In the Matter of the Civil Commitment of: Brent Charles Nielsen.
A16-356
| Minn. Ct. App. | Aug 15, 2016Background
- Nielsen, serving a life sentence with parole eligibility for a 1989 murder and sexual-crime conviction, faced a county petition for civil commitment as a Sexually Dangerous Person (SDP) and Sexual Psychopathic Personality (SPP).
- Two court-appointed examiners (Drs. Meyers and Kenning) concluded Nielsen met commitment criteria and that the Minnesota Sex Offender Program (MSOP) was the appropriate placement; both found intensive supervised release (ISR) or in-prison treatment insufficient to protect public safety.
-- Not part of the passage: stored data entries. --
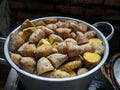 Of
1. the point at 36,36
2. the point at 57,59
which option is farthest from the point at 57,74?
the point at 36,36

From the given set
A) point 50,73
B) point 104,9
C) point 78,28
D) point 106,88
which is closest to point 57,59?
point 50,73

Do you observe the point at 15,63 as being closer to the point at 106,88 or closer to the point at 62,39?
the point at 62,39

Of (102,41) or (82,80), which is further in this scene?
(102,41)

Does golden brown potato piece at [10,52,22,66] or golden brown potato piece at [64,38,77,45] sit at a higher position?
golden brown potato piece at [64,38,77,45]

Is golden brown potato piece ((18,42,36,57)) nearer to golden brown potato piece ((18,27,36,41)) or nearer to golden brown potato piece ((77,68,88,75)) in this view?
golden brown potato piece ((18,27,36,41))

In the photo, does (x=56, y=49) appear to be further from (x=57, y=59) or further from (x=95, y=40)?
(x=95, y=40)

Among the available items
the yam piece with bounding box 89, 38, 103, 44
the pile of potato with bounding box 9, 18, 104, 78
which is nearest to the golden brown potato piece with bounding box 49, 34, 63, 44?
the pile of potato with bounding box 9, 18, 104, 78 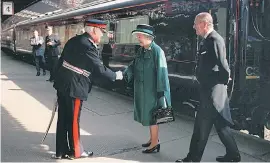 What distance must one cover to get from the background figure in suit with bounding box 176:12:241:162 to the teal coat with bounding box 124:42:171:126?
431mm

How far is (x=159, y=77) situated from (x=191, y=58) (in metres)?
2.00

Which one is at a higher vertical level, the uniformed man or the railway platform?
the uniformed man

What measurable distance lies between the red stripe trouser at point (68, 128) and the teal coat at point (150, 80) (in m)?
0.74

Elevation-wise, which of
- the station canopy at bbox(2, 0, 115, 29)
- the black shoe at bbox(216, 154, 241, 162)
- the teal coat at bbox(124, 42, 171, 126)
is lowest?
the black shoe at bbox(216, 154, 241, 162)

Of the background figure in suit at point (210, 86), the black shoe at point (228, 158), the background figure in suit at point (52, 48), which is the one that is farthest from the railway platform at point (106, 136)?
the background figure in suit at point (52, 48)

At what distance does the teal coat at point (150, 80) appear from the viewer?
4117 millimetres

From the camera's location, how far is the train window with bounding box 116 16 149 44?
24.5 feet

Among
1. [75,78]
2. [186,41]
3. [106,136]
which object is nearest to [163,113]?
[75,78]

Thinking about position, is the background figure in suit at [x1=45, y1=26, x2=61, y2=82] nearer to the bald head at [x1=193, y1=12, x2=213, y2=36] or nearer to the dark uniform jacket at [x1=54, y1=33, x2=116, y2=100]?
the dark uniform jacket at [x1=54, y1=33, x2=116, y2=100]

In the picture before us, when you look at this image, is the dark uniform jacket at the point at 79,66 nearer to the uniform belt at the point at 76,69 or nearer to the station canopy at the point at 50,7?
the uniform belt at the point at 76,69

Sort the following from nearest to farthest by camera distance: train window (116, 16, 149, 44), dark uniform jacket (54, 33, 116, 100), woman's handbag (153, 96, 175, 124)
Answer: dark uniform jacket (54, 33, 116, 100)
woman's handbag (153, 96, 175, 124)
train window (116, 16, 149, 44)

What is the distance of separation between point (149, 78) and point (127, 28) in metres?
3.99

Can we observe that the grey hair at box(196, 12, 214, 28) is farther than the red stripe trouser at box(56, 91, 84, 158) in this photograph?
No

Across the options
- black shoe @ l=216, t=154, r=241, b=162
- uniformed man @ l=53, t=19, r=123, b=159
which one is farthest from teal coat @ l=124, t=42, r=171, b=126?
black shoe @ l=216, t=154, r=241, b=162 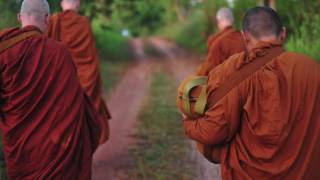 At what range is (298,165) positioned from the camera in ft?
13.3

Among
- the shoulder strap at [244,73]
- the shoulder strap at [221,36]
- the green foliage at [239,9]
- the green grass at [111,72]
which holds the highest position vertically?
the shoulder strap at [244,73]

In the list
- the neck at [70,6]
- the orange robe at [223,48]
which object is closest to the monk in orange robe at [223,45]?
the orange robe at [223,48]

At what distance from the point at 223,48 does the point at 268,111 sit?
4.54 metres

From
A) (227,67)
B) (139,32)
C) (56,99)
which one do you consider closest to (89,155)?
(56,99)

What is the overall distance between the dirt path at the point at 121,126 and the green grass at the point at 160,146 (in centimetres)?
15

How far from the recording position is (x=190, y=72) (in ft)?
65.1

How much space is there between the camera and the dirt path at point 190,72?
7689 millimetres

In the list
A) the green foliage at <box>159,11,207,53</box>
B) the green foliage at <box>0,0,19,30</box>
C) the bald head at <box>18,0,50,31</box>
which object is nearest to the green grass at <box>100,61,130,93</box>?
the green foliage at <box>0,0,19,30</box>

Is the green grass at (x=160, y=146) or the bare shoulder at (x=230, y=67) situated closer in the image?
the bare shoulder at (x=230, y=67)

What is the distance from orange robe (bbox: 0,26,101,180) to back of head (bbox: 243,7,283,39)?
1415mm

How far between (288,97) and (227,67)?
42 cm

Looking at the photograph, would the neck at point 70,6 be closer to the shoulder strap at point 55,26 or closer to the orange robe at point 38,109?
the shoulder strap at point 55,26

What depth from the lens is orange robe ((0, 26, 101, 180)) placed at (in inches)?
184

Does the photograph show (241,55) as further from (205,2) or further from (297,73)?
(205,2) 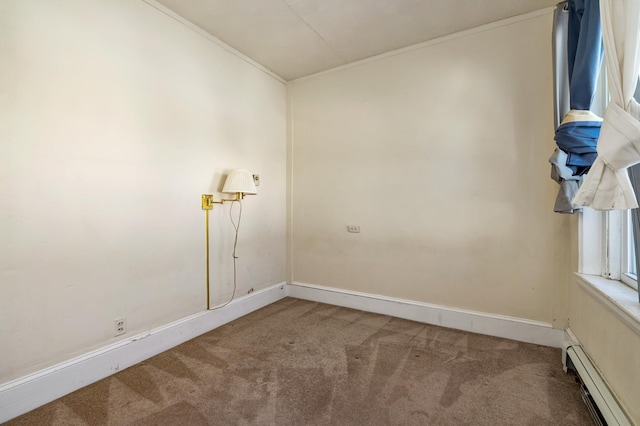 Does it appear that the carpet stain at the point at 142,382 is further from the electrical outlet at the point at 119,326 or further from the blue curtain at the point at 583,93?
the blue curtain at the point at 583,93

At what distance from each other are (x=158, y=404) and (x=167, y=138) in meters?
2.01

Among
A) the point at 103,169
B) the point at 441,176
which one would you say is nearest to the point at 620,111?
the point at 441,176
- Nielsen presented DOC witnesses who described in-prison sex-offender treatment and ISR but did not identify a specific community facility willing to accept him or demonstrate ISR would meet his treatment/public-safety needs.
- The district court found by clear and convincing evidence that Nielsen qualified as an SDP and SPP, that no less-restrictive program meeting his needs and public-safety requirements was proven available, and ordered indeterminate commitment to MSOP.
- On appeal Nielsen argued (1) the court clearly erred in finding no less-restrictive program (pointing to prison treatment and ISR), (2) the civil-commitment scheme is unconstitutional as retributive/indefinite, and (3) commitment deprives him of a right to treatment given identified MSOP defects.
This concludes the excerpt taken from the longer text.